Friday, May 15, 2009

Nightmares For Sawyers

  My favorite bookshop prices everything three dollars.  The place is a bit of a danger to me.  I must enforce a browsing mode that is normally active in the usual commercial habitat of a book, but seems to become confused by plenty.  Sort of a risk of intellectual obesity (or is it ostentation?)  Anyhow, I was there yesterday as I am a number of times a week, and I spied on one of its shelves a book that concerned itself with the subject of  communication between birds and primitive cultures.  At the moment I looked at the book I was thrown back to this philosophy book I read a few years ago, Passing Strange And Wonderful, wherein its author spoke of many aspects of the ecology of habitat, various modes of human behavior, and their interactivity.  So then I put the book on the shelf, and realized for the (counting...) time that I could not agree with the promise of the book, though its premise is exciting.  

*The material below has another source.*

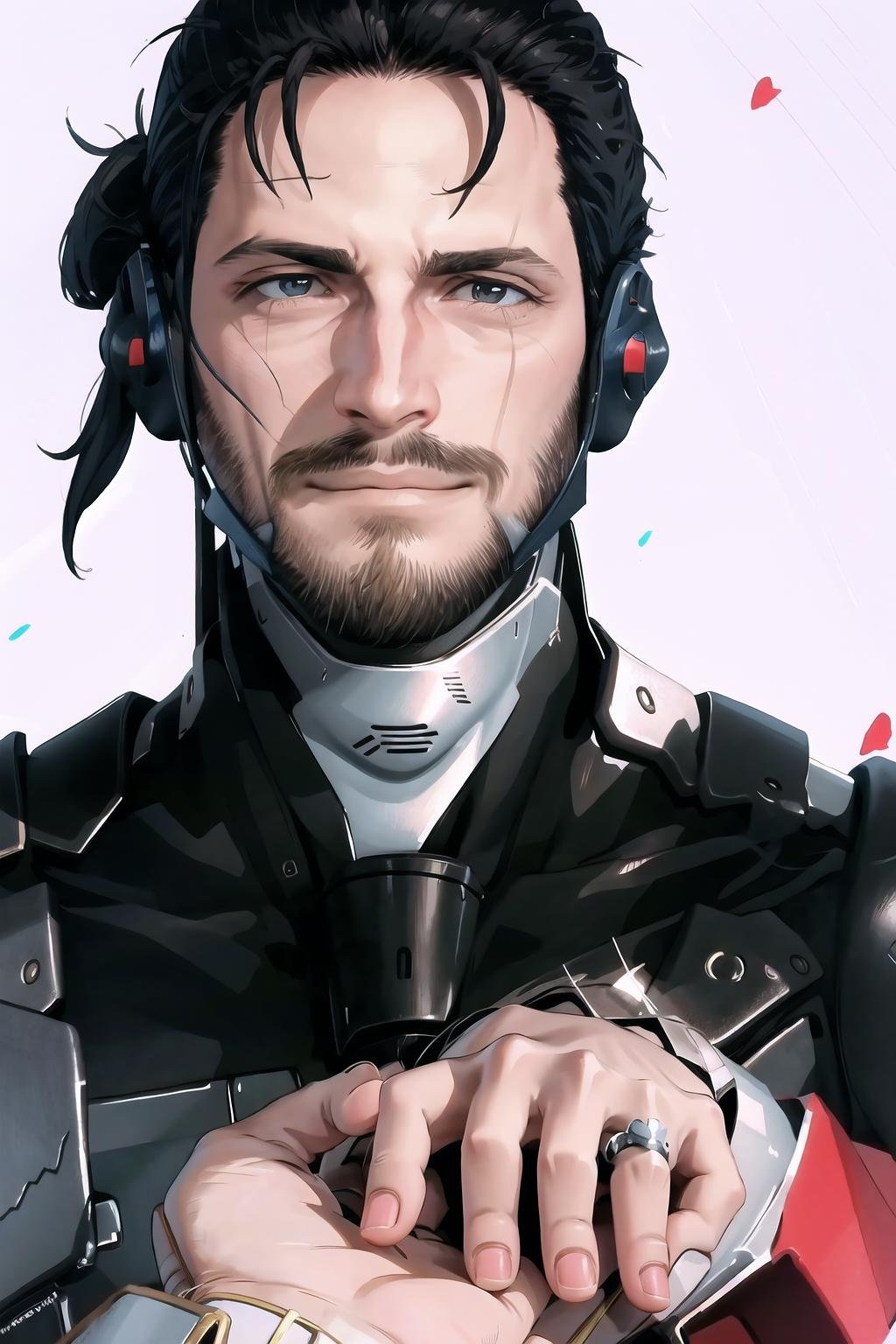 High Quality, Masterpiece, IncrsProp, <lora:Proposal:1>, wedding ring, Jetstream Sam, facial hair, male focus, beard, cyborg, <lora:Char_MGR_JetstreamSam:0.75>, smirk,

One thing that I wholeheartedly agree with, nevermind the absurd illusions of some researchers, is that human beings and the natural world share a mutual will to communicate.  As to the terms of the language and the intentions of both parties, I think I need not pretend an opinion.  Clearly birds do not indicate to me, in their manner of greeting the human animal, a heartfelt hello, that if only I could understand the chirps, I would instantly recognize (and chirp back?)  Clearly the ecosystem, whatever your desire to name it something erotic, does not lovingly regard its inhabitants as "part of it all."  I was sitting at the Hardware Store, and staring out of my windshield thinking about all of this today, such that when I exited my car I realized that all the people within eyeshot of me, were startled to see that that guy finally decided to DO domething.  And what I was thinking was this:  the specific manner, and the quality of the data therin, of other cultures between species communications don't matter so much to me, as the teaching moment feeling that the seeming fact of their claims gives me.  There exists a ecological utilitarianism in the theory of these phenomenons. The idea of their claim of communication between bird and man is as potent as its proof to me. And useful.  But why?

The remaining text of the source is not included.